The Eseltjierus Donkey Sanctuary (http://www.donkeysanctuary.co.za/)is a great place to let your children or in our case our dogs out to play or walk around the farm, whilst the donkeys are kept in the paddock. Eseltjiesrus Donkey Sanctuary provides a permanent refuge for abused, neglected and elderly donkeys. They are given the opportunity to live out their lives with respect and dignity, surrounded by their own kind, in a protective and natural environment. Was a great stop and experience in conjunction with a fabulous lunch out on the deck in the sun.

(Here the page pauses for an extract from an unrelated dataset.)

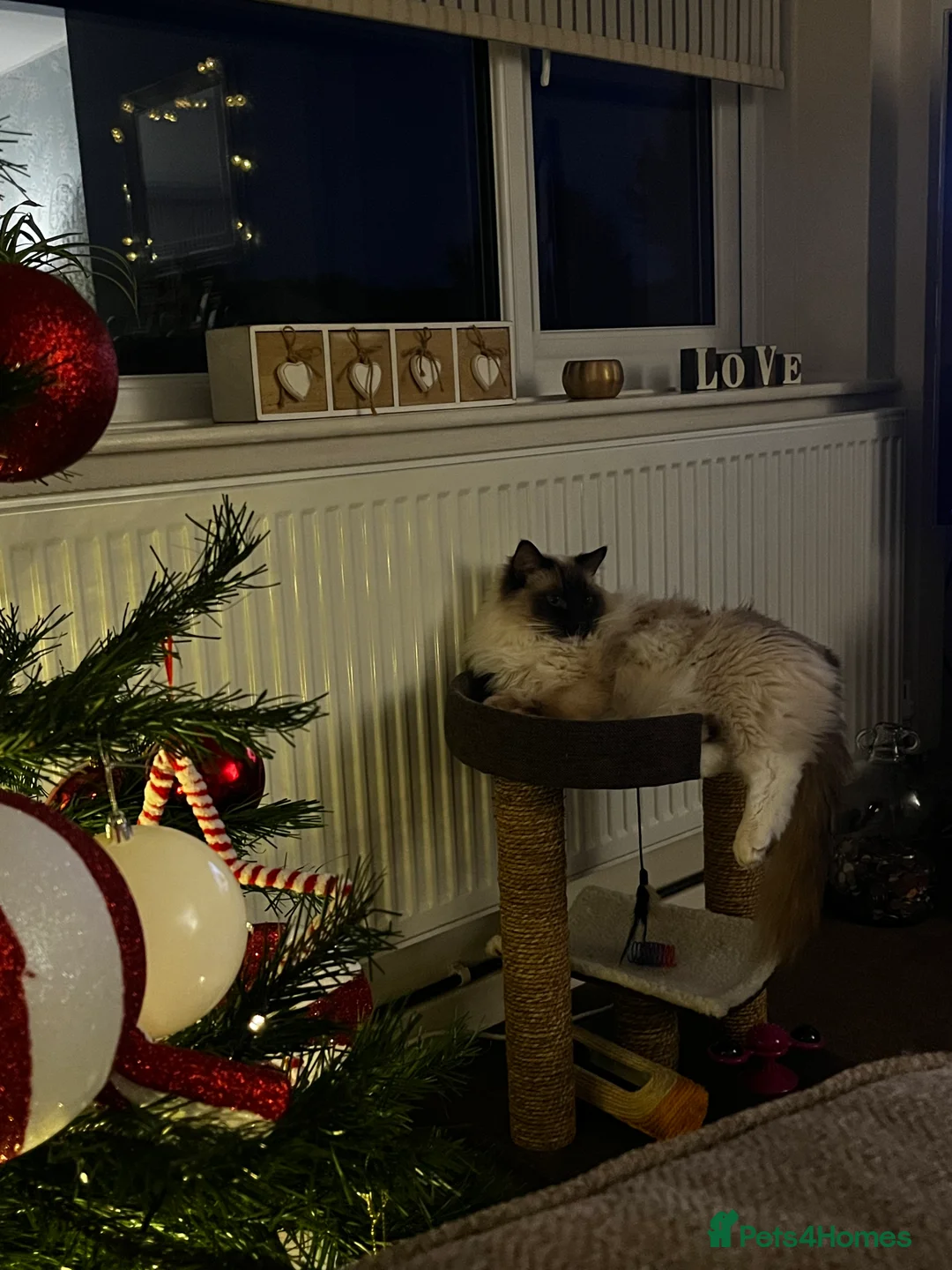 Ragdoll cats for sale: Male neutered ragdoll - Advert 6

Holidays are always too short & before we knew it we were packed & in the car en route home. We couldn’t resist a final stop at this fabulous farm stall which its great selection of pumpkin! Mom thought it was a simple procedure of choosing a pumpkin however before she knew it the shop lady was out to give her advice on just how to choose the right eating pumpkin as oppose to pumpkins which are dried out & kept as ornaments/decorations.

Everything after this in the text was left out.